The next big drug law came in 1914, when the Harrison Narcotics Tax Act both created a federal registry of “every person who produces, imports, manufactures, compounds, deals in, dispenses, distributes, or gives away opium or coca leaves or any compound, manufacture, salt, derivative, or preparation thereof”, and levied taxes on them.
While physicians were supposedly excluded if the drugs were deemed medically necessary, the law severely limited the ability of doctors to prescribe opiates. The act singled out addiction as a moral failing, not a medical disease, which made it nearly impossible for physicians to treat anyone with an opiate dependence.
Drugs became a matter of law enforcement, not public health. That still holds a century later. Attempts by doctors to change the public conversation made little headway, and those who continued to prescribe opiates to addicts as part of treatment programs were jailed. Drug use further spiked when alcohol was banned by the passage of the 18th amendment in 1919.
When prohibition was overturned by the 21st amendment in 1933, the cocktail culture that had been created in speakeasies across the nation made drinking more socially acceptable than it ever had been. As heroin had been banned in the interim, this only further served to stigmatize recreational opiate users, who were marginalized as junkies.
After the second world war, opioids – synthetic opiates – began to enter the market in greater numbers, including drugs formulated using Hydrocodone (later popularized in the 1970s as the narcotic in Vicodin) and Oxycodone (the opiate best known today as an ingredient in Oxycontin). Many doctors – knowing the risks of addiction and dependence – embraced a sort of “opiophobia”, which caused them to shy away from prescribing pain pills frequently.

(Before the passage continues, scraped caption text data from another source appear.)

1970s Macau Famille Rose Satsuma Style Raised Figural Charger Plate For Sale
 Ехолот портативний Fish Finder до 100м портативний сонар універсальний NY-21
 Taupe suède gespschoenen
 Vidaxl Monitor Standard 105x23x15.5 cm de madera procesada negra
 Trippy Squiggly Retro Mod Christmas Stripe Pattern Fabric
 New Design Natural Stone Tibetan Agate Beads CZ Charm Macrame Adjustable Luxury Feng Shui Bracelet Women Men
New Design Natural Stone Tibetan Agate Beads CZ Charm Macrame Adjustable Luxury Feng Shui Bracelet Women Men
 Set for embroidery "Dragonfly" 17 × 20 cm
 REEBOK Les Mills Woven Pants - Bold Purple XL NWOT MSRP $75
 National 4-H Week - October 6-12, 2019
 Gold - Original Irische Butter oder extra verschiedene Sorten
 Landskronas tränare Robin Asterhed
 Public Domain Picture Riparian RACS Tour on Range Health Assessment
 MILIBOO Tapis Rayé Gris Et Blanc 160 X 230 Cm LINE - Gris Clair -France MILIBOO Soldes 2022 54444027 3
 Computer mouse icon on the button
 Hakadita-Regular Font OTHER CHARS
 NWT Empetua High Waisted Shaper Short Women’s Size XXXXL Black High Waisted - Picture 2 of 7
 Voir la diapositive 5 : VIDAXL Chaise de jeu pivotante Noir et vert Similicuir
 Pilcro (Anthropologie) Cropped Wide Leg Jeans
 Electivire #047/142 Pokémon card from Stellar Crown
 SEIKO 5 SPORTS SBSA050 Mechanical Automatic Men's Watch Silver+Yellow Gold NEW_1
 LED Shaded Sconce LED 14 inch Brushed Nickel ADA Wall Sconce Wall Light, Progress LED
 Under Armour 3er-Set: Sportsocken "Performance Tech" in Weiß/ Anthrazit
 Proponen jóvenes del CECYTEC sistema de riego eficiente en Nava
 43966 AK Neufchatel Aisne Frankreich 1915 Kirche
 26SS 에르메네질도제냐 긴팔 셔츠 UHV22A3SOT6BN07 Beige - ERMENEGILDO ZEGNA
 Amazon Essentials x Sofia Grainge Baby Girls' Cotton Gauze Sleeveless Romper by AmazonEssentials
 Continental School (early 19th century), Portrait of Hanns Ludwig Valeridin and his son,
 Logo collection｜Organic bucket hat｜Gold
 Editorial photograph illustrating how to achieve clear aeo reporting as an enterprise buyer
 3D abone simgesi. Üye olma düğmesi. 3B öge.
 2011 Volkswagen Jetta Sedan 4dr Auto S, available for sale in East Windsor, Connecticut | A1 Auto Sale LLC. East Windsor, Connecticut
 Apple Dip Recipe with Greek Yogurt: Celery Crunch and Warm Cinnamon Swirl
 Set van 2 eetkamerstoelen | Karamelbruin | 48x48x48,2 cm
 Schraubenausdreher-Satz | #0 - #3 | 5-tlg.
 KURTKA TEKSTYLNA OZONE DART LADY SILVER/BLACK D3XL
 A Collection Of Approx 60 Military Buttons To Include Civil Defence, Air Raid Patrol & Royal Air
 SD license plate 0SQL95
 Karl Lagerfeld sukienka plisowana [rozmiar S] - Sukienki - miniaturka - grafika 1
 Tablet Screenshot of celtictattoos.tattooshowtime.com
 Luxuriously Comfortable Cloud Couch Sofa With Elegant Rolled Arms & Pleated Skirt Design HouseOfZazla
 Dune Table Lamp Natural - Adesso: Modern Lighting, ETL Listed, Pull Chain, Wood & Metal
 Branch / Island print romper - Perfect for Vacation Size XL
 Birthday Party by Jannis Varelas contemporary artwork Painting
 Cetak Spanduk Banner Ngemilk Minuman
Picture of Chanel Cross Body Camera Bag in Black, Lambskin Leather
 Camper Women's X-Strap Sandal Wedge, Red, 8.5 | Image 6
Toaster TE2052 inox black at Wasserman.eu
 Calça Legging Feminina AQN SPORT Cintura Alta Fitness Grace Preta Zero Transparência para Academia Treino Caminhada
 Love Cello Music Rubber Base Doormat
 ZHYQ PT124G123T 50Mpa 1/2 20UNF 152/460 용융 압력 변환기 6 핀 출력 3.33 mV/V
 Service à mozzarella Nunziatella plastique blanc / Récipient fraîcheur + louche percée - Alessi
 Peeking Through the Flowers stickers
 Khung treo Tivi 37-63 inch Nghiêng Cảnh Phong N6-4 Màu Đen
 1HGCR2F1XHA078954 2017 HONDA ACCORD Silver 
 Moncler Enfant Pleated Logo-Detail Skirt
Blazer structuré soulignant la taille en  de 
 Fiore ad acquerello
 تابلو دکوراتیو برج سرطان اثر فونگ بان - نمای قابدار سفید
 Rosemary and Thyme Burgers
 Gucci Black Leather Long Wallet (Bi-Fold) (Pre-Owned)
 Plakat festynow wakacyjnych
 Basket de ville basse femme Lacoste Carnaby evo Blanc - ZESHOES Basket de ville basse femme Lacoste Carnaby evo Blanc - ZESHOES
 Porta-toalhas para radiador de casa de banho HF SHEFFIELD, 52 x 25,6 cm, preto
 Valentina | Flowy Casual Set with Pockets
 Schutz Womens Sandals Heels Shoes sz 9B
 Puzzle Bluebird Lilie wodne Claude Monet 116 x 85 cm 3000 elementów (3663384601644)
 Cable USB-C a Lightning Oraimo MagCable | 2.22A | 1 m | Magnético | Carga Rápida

The increase in recreational drug use in the 1960s – including a spike in heroin use by soldiers in Vietnam – gave rise to both the Controlled Substances Act in 1970 and the Drug Enforcement Agency in 1973, both of which were designed to limit access to opiates. However, as doctors became increasingly convinced that they were under-treating pain – and new opioids entered the market – prescriptions for painkillers took off.
It’s no coincidence that this move was heavily endorsed by pharmaceutical companies, which had helped fund the studies that showed that doctors were under-prescribing pain medications. Meanwhile, pharmaceutical reps aggressively lobbied physicians on the value of their pills, and as Dr Celine Gounder noted in the New Yorker: “By 2010, the United States, with about five per cent of the world’s population, was consuming ninety-nine per cent of the world’s hydrocodone”.
Today, there are medical answers to opiate addiction, but until America stops stigmatizing drug users as degenerates, those answers aren’t doing much good. Regulatory hurdles prevent many physicians from being able to prescribe buprenorphine, a medicine shown to effectively treat opioid dependence.
And the DEA has done little to stem heroin in the United States. Since heroin is cheaper than prescription opiates, it is all too easy to switch from a legal prescription to illegal street drugs. On 10 March, the Senate passed a major drug treatment and prevention bill; the question remains whether it will make it into law and, if so, if it will do any good.
Tomorrow, 44 more Americans will die from prescription painkillers, according to the Centers for Disease Control and Prevention. And if history is any indication, attempting to legislate an illness away will do little other than force addicts to search for yet another way to find their fix.